▶ [Problem details]: Dropping every picture, set down exactly the lines in the entries below, starting with the line with "d’impression sur toile" and going on through the line with "Stalk Of Celery Canvas Print".
*** Begin section ***
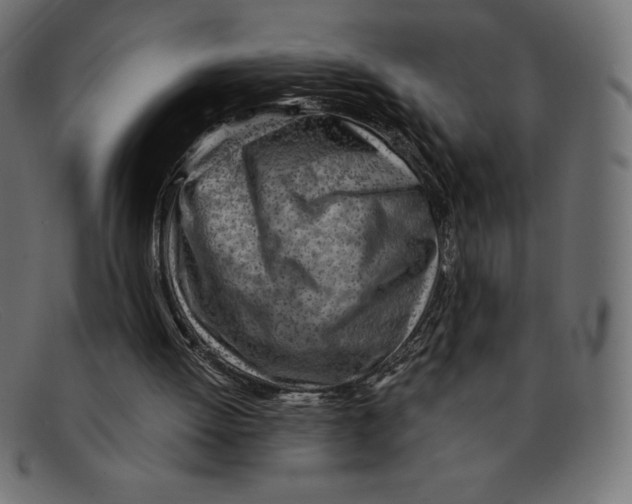 X0000092040052200710101005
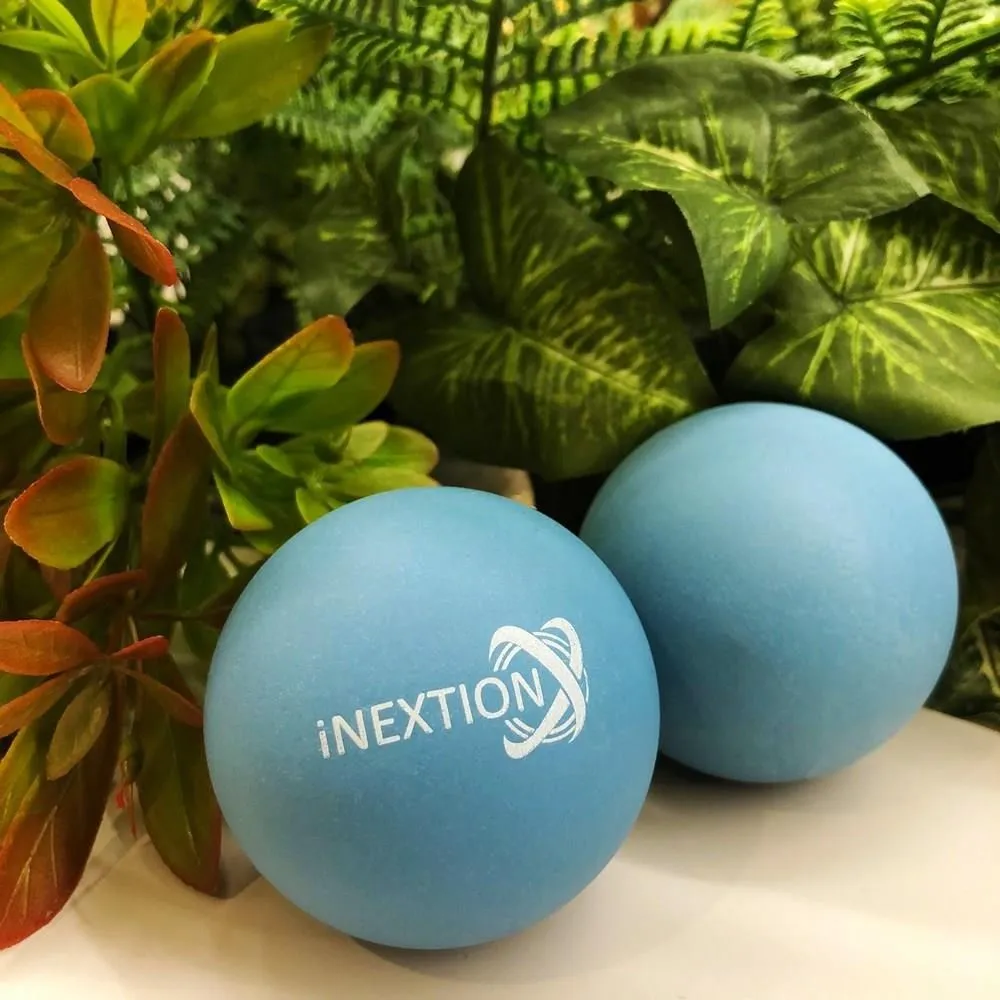 【INEXTION】Therapy Balls 筋膜按摩療癒球 2入組 - 淺藍+天灰(50D+65D 天然橡膠按摩球 台灣製) 歷史價格詳細信息
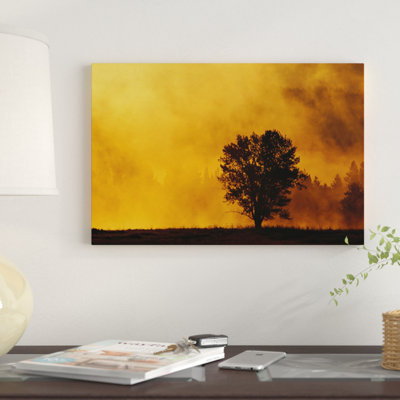 « lever à brouillard thermique et solitaire sapin grand teton national park wyoming », reproduction d’impression sur toile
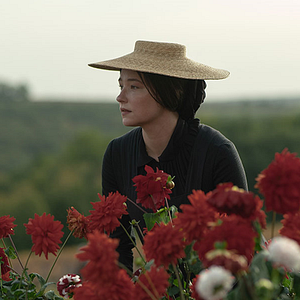 Bilder Die Witwe Clicquot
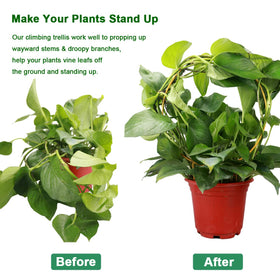 Kiouposy circle trellis helps stems rise neatly for a tidy houseplant display.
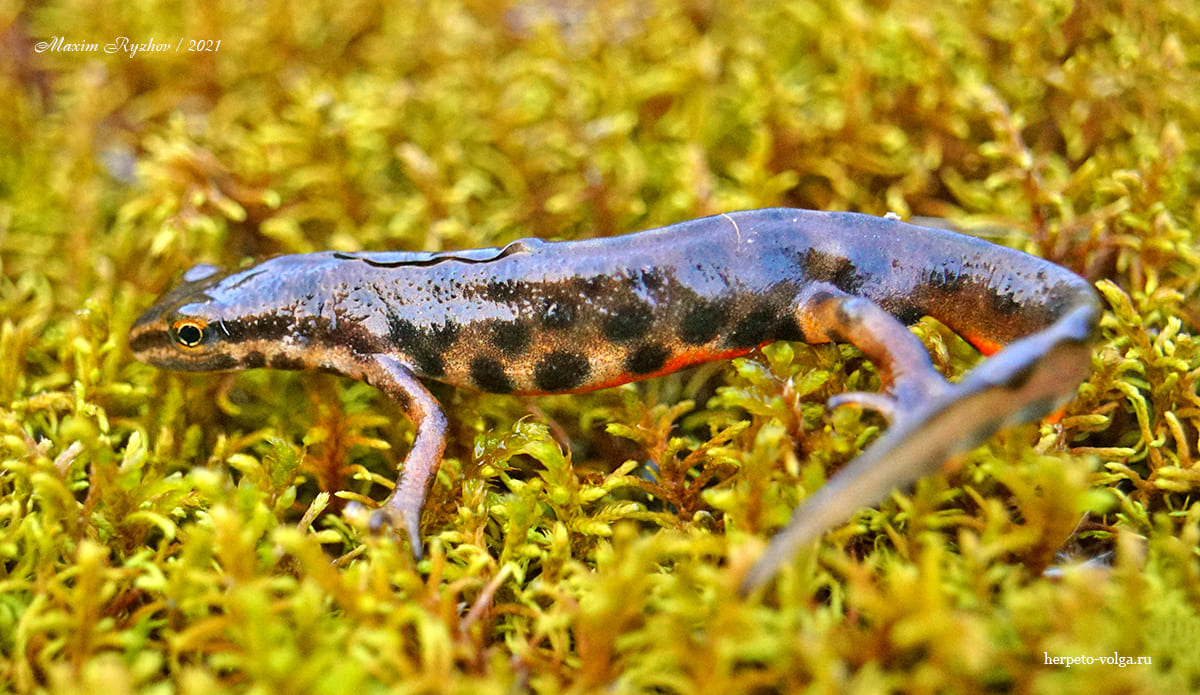 Обыкновенный тритон (Lissotriton vulgaris)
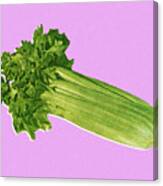 Stalk Of Celery Canvas Print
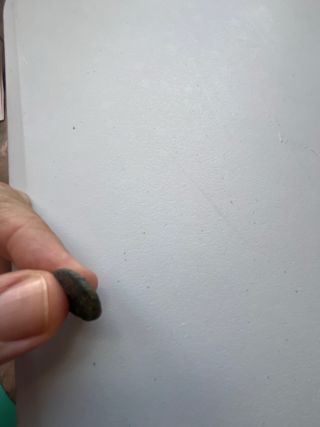 Moneda Ibérica Carteia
*** End section ***
▶ [Result for this task]:
 « lever à brouillard thermique et solitaire sapin grand teton national park wyoming », reproduction d’impression sur toile
 Bilder Die Witwe Clicquot
 Kiouposy circle trellis helps stems rise neatly for a tidy houseplant display.
 Обыкновенный тритон (Lissotriton vulgaris)
 Stalk Of Celery Canvas Print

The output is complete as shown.